Validating Redirects with Hyperlinks

Wednesday, December 2, 2015

I came across an application recently that contained an Unvalidated Redirect flaw. The flaw was pretty basic. The login page accepted a next parameter and blindly redirected to the value of the parameter without validating whether or not the value represented a trusted destination. The redirect occurred in client-side logic without the parameter ever hitting the server. My recommendation to the client included a pretty basic JavaScript validation filter, and they quickly implemented a fix and sent the code back for me to validate if the flaw had been remediated. In looking at the code, I realized that they had not implemented my recommended code, but did something that I had not seen before and thought was quite novel. Hence, why I am writing this.

The remediated redirect logic contained a call to a function that consumed the value of the next parameter and the hostname of the current location.

document.location = validate(next, document.location.hostname)

Pretty standard stuff. The interesting bit was in the called function.

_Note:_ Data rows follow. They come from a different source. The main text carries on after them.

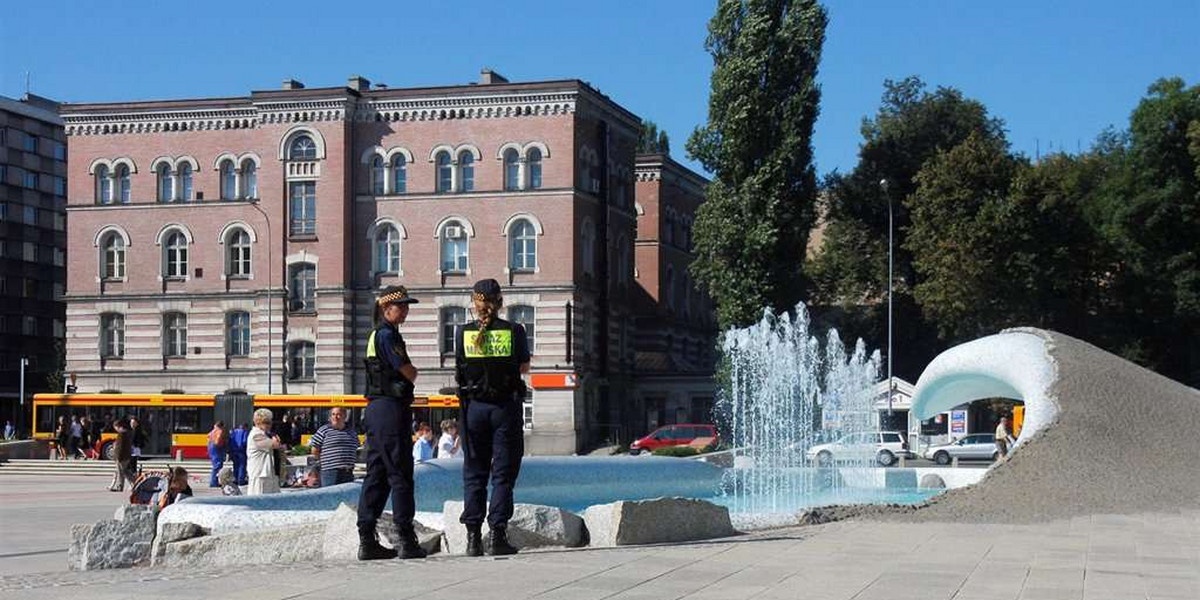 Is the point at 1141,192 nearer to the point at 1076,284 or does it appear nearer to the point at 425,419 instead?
the point at 1076,284

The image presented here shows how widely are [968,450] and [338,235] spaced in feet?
87.1

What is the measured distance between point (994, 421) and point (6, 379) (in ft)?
171

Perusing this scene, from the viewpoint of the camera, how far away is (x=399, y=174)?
197ft

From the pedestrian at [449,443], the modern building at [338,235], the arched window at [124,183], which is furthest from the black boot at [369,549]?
the arched window at [124,183]

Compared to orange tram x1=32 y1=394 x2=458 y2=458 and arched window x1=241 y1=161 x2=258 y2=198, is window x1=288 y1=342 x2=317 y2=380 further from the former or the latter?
orange tram x1=32 y1=394 x2=458 y2=458

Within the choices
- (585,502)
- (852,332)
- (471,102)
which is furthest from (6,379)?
(585,502)

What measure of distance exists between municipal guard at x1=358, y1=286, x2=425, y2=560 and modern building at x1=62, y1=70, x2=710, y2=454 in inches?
1818

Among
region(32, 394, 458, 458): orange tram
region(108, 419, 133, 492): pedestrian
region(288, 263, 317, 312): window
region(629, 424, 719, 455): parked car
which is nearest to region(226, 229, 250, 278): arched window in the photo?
region(288, 263, 317, 312): window

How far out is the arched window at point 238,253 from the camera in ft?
201

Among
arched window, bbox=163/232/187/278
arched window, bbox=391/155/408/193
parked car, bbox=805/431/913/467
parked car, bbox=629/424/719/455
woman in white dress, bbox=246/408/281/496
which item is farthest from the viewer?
arched window, bbox=163/232/187/278

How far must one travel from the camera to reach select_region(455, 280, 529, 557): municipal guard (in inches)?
407

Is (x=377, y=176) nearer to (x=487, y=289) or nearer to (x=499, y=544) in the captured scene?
(x=487, y=289)

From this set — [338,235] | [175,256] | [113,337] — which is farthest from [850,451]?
[113,337]

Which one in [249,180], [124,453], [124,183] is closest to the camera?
[124,453] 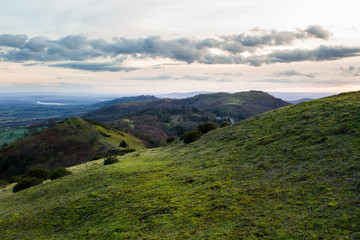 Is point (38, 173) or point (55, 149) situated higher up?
point (38, 173)

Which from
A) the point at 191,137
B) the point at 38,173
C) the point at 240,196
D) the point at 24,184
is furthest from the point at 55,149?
the point at 240,196

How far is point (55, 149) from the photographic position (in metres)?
100

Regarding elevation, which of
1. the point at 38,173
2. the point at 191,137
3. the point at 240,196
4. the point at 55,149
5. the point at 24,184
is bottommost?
the point at 55,149

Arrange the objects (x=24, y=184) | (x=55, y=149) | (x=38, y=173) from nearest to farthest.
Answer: (x=24, y=184) → (x=38, y=173) → (x=55, y=149)

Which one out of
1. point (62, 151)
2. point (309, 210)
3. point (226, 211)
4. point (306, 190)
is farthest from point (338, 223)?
point (62, 151)

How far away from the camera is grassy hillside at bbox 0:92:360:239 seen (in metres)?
7.74

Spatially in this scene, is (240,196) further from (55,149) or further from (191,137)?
(55,149)

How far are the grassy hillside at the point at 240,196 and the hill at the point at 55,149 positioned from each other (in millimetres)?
70340

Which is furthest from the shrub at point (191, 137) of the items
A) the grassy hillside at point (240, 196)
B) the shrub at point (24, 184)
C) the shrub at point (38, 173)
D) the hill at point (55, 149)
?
the hill at point (55, 149)

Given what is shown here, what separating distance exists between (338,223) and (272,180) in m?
4.14

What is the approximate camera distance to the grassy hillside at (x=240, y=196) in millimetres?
7738

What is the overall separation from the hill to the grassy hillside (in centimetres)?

function validate(n, c) { var r = document.createElement("a"); return r.href = n, r.hostname === c ? n : "/"; }

Which can be simplified to...

function validate(n, c) { var r = document.createElement("a"); r.href = n; return r.hostname === c ? n : "/"; }

Which can be further simplified to...

function validate(n, c) { var r = document.createElement("a"); r.href = n; if(r.hostname === c) { return r.href; } else { return "/" ; }}

I am including several versions of the same code because the first version can be quite confusing to folks that aren't familiar with the Comma operator.

Just in case you haven't picked up on it yet, let's look at exactly what is going on here. I am using the Chrome Developer Tools JavaScript console on the nVisium web page to demonstrate this if you want to follow along. Paste one of the functions above into the console and assign a value to a variable called next.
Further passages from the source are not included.